We discuss our ongoing efforts towards building a software toolkit to support scalable
reasoning over large knowledge bases targeted towards industrial applications. We de-
scribe our initial ongoing efforts and some preliminary results and discuss the directions
for future work.
2 System Architecture
The high level architecture of the proposed system is describe in Figure 1 and we describe
the different components in detail below.
Fig. 1: System Architecture
Ingestion Pipeline and Storage Layer: We chose JanusGraph (a property graph) as our
default storage technology to store knowledge base along with additional metadata such
as context, evidence etc. Since property graphs can easily capture the context/confidence
etc in the form of node or edge properties, it becomes easier to map these information
coming from the data curation pipelines easily at one place. During ingestion, user data
in various commonly used formats is converted and stored in the back-end storage. In
order to ingest OWL/RDF, data we have extended RDF4J framework to add JanusGraph
as additional store implementing data store interfaces.
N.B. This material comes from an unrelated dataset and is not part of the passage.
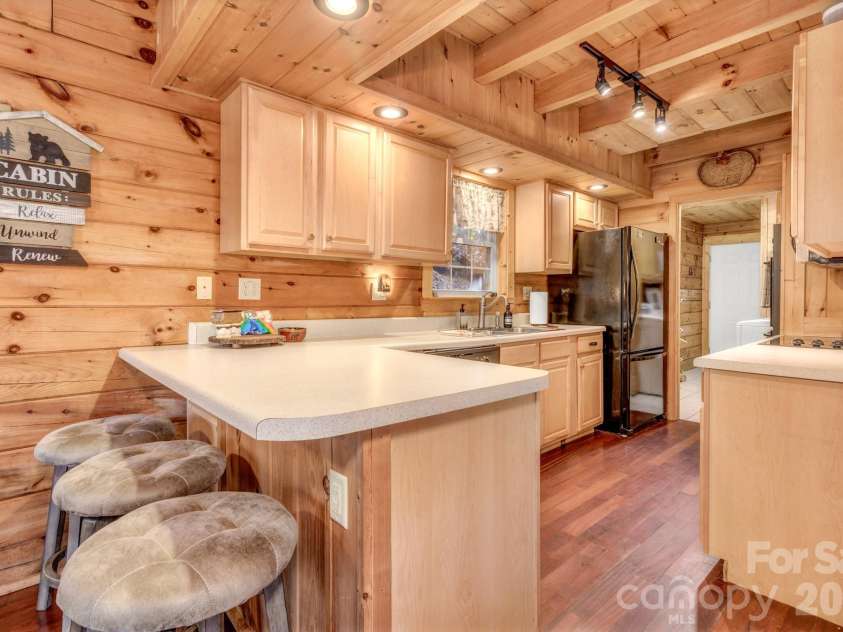 45 Ginger Lane, Waynesville, NC 28785.  MLS# CAR4338602, YatesRealty ID 18665.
This takes RDF/OWL data in
various forms and maps it to appropriate property graph model and creates required
indices as well.
Query Processing Unit processes the user queries and interprets them to decide the
appropriate modules required to answer the query and interacts with various reasoners
and backend store to retrieve the final answers. For example in case of symbolic reasoner,
this unit will talk to symbolic reasoner using OWL APIs to get the TBox inference to do
the query expansion or query rewrite. In cases where complex reasoning is needed, it
sends the required ABox summary information to the reasoner to generate the answer. We
are planning to implement the ABox summary builder described in the SHER system [2]
to work with JanusGraph backend. We have extended RDF4J query interfaces for basic
RDF querying.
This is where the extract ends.